Guitou sur la trace du 40…

Nous nous retrouvons à la salle multiactivité. Stéphane et moi écoutons les commentaires de Guitou et de Philippe 1er suite à leur participation à l’Hivernale de Larchant. Notre secrétaire nous gratifie de visuels à rendre jaloux Marcel Marceau pour exposer les passages techniques victorieux. Philippe s’accroche aussi à Marcel mais Dassault, les personnels au sol en grève l’ayant bloqué dans ses envolées vélocistiques.

Après ces deux récits nous nous élançons. J’imprime le rythme dans la première montée avec Philippe dans ma roue. Guitou et Stéphane papotent plus qu’ils n’appuient sur les pédales.
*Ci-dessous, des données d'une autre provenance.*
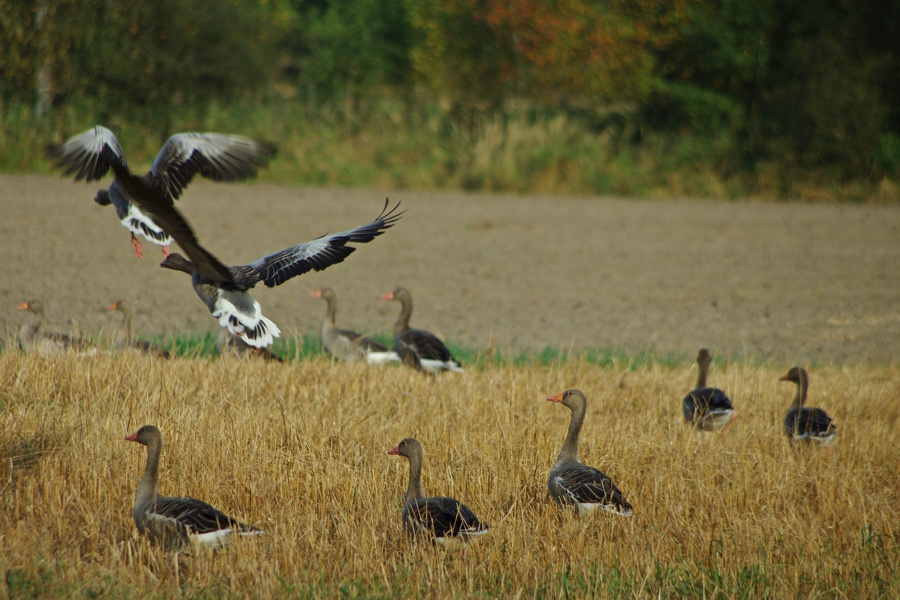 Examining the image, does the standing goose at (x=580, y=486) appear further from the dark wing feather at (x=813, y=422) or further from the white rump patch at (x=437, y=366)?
the white rump patch at (x=437, y=366)

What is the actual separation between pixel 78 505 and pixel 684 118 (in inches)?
835

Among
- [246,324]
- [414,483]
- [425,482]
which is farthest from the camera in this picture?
[246,324]

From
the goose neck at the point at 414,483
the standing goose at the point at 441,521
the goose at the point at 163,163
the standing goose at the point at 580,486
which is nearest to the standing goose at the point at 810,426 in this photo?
the standing goose at the point at 580,486

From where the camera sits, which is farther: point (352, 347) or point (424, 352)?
point (352, 347)

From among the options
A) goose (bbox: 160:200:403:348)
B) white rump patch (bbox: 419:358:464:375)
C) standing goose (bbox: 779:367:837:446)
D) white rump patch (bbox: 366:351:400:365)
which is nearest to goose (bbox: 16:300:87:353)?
goose (bbox: 160:200:403:348)

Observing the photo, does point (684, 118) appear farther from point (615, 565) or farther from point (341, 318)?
point (615, 565)

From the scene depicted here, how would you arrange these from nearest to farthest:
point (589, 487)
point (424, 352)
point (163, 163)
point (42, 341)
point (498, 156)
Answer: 1. point (589, 487)
2. point (42, 341)
3. point (163, 163)
4. point (424, 352)
5. point (498, 156)

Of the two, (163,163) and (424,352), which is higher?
(163,163)

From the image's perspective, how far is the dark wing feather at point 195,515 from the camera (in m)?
4.57

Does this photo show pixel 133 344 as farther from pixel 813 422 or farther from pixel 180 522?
pixel 813 422

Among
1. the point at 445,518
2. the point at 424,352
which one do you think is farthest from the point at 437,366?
the point at 445,518

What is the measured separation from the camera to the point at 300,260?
6.89m

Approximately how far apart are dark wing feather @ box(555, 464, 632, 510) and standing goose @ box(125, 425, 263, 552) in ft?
5.82

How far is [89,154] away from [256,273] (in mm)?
1882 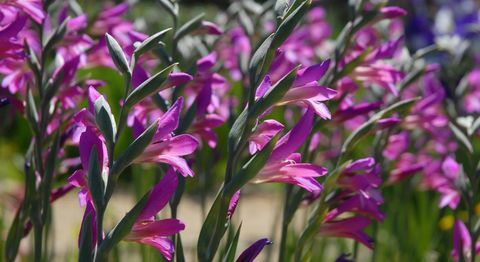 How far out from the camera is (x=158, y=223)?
1.23 meters

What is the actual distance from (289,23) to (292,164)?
21 centimetres

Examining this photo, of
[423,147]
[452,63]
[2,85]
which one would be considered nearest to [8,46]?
[2,85]

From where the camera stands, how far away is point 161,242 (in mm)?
1245

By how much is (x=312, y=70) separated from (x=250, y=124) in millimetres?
145

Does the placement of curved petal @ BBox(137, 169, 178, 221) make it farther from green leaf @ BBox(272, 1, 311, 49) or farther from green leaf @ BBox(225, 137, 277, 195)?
green leaf @ BBox(272, 1, 311, 49)

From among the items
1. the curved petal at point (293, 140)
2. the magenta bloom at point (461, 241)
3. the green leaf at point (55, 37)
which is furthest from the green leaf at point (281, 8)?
the magenta bloom at point (461, 241)

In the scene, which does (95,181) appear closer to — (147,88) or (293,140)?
(147,88)

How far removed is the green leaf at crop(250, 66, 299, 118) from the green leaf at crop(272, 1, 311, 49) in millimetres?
59

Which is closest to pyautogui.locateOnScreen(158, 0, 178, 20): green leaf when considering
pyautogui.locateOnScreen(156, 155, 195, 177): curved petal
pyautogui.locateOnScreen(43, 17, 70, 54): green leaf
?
pyautogui.locateOnScreen(43, 17, 70, 54): green leaf

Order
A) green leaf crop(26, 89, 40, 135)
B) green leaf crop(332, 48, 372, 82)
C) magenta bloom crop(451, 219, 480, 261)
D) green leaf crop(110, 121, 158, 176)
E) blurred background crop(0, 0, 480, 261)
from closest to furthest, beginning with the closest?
green leaf crop(110, 121, 158, 176) → green leaf crop(26, 89, 40, 135) → green leaf crop(332, 48, 372, 82) → magenta bloom crop(451, 219, 480, 261) → blurred background crop(0, 0, 480, 261)

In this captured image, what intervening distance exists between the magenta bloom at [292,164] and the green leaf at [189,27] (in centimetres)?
56

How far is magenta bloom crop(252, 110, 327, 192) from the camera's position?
129 cm

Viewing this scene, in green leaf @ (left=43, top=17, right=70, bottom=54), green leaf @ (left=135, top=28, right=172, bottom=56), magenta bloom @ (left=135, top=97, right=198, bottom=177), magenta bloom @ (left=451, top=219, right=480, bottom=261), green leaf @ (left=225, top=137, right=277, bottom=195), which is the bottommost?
magenta bloom @ (left=451, top=219, right=480, bottom=261)

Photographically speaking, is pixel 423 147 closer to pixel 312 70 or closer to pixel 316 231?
pixel 316 231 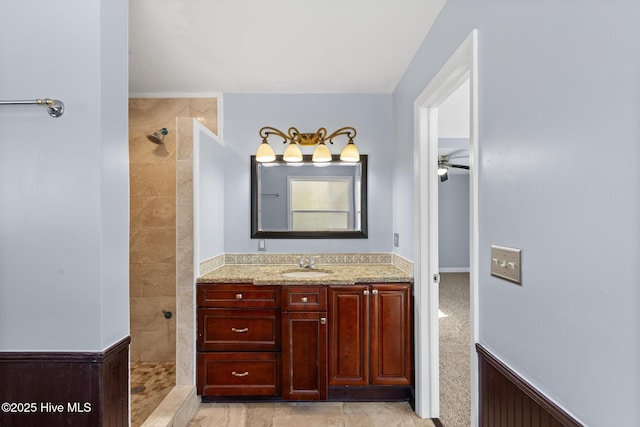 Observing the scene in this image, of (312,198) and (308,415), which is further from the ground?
(312,198)

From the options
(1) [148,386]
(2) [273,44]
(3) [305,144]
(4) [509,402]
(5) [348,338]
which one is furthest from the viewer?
(3) [305,144]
Ils arrivent l’arbre à cames en tête, la langue toujours aussi bien pendue, à la vitesse d’une GS automatique . Stéphane ayant obtenu des nouvelles de la grosse Lulu peut se concentrer sur le ride.

La suite est boueuse sur plusieurs Km. Les pneus doublent de volume et perdent leur grip. Sur le plateau de Feuchères la neige remplace la gadoue. Nous prenons le single par la gauche. Les bosses qui suivent étirent le groupe. La piste forestière traversée nous sommes rappelés à l’ordre par Docteur Garmin et Mister Mio. Dans notre élan nous nous sommes embarqués sur le 45. Demi tour fait, nous rejoignons la trace du 35. Rapidement, nous nous exerçons au trekking pour contourner des arbres abattus obstruant le passage. Finalement, nous ne sommes pas sur le bon chemin. Nous récupérons la bonne trace. Docteur G. et Mister M. donnent à nouveau de la voix. A gauche, tout droit, au-dessus, en-dessous, chacun y va de son pifomètre. Nous retenons l’option direction le parking à proximité de Villers le T. La route traversée, le chemin devient rapidement délicat. Le bourbier gelé rend difficile le maintien sur le bike. Motivé comme personne Stéphane ne quitte pas la selle et termine en pôle position. Un peu plus loin, chaud bouillant, il ouvre un nouveau passage dans le grand trou d’obus. Je prends l’option hard dans la montée rejoignant la départementale. Le pentu vient à bout de mes guibolles au bout de 10 mètres. Stéphane s’arrête à quelques mètres du trophée. Guitou et Philippe préfèrent assurer par la voie soft.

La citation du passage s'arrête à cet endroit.